Saturday, November 4, 2017

Epistemological defeat


What is it like to be unable to know something-for example knowledge of the non human? Capek considered the case of talking newts; here humans simply exploited the alien as a resource. Lem's investigators sometimes do the same resorting to military or nuclear techniques to deal with the unknown entity (eg HMV)

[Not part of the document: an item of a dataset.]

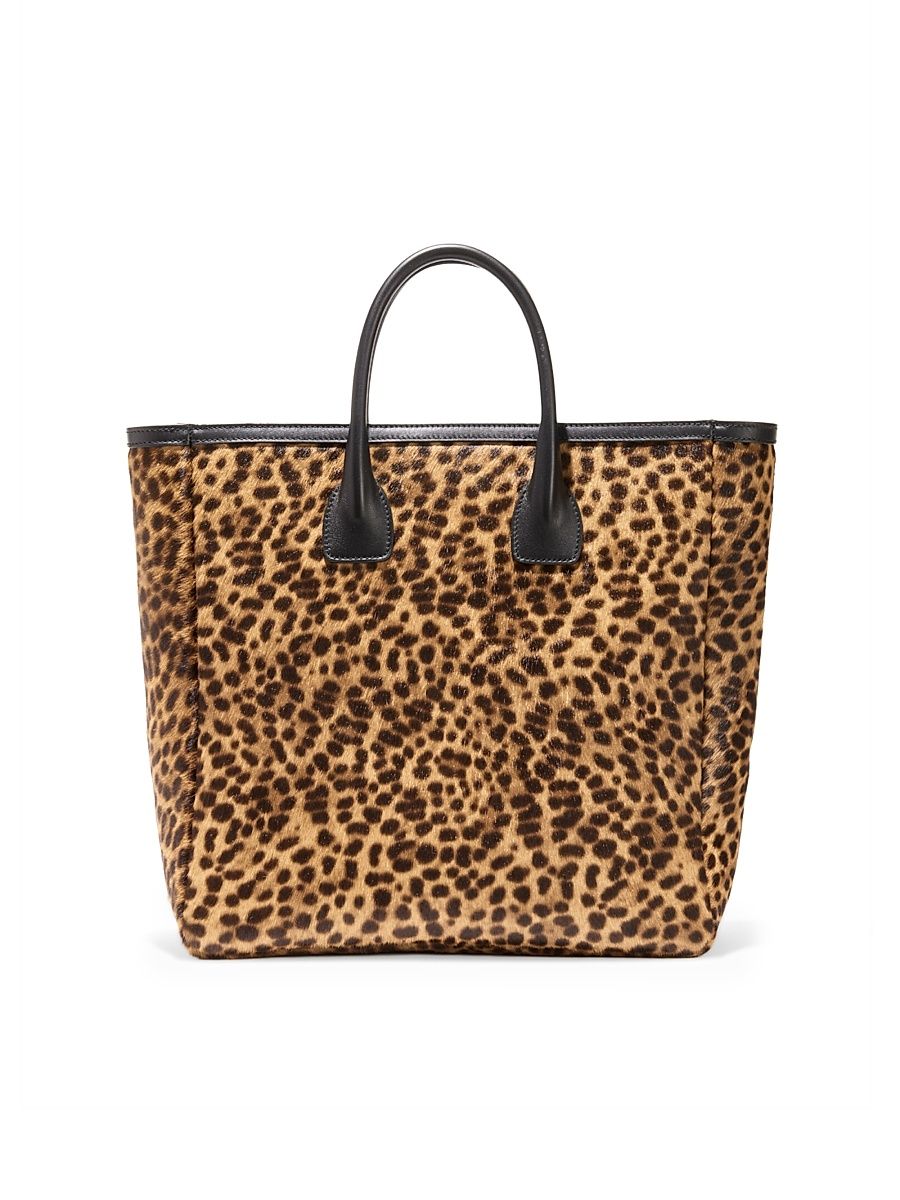 Women's Freddie Leopard-Print Calf Hair Tote Bag - Brown Leopard Print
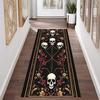 Skull Runner Rug Gothic Hallway Rug Chains and Roses Carpet, Dark Aesthetic Rug Washable Rug Non Slip Rugs Home Decoration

In The Investigation and Chain of Chance the unknown is probability and coincidence. All the investigator can do in these cases is carry on with such techniques as exist and come up with can explanation however obscure even though the true cause is unknowable.Usually in Lem, investigators become anthropomorphic; Solaris researchers consult their own archives for clues. In HMV Rappaport suggests looking at science fiction for ideas to interpret the code. In Fiasco the idea is to use a cartoon display to get through to the aliens; after all every civilisation must use symbols of some sort. In summary, to talk to the non human we tell stories about humans. Phillip Dick's electric ant/android cannot know it is not human-it has to believe it is the same as the humans
Perhaps the best example of epistemological defeat is Kafka's dog which will never know how it's food originates; as the dog ponders it tells mystical dog-stories to itself about singing and hovering dog-entities- more imaginative stories than Lem's. This lead Walter Benjamin to conclude that Kafka's dog inhabited a place 'far away from the continent of man' thus occupying a more privileged epistemological position that any of the above.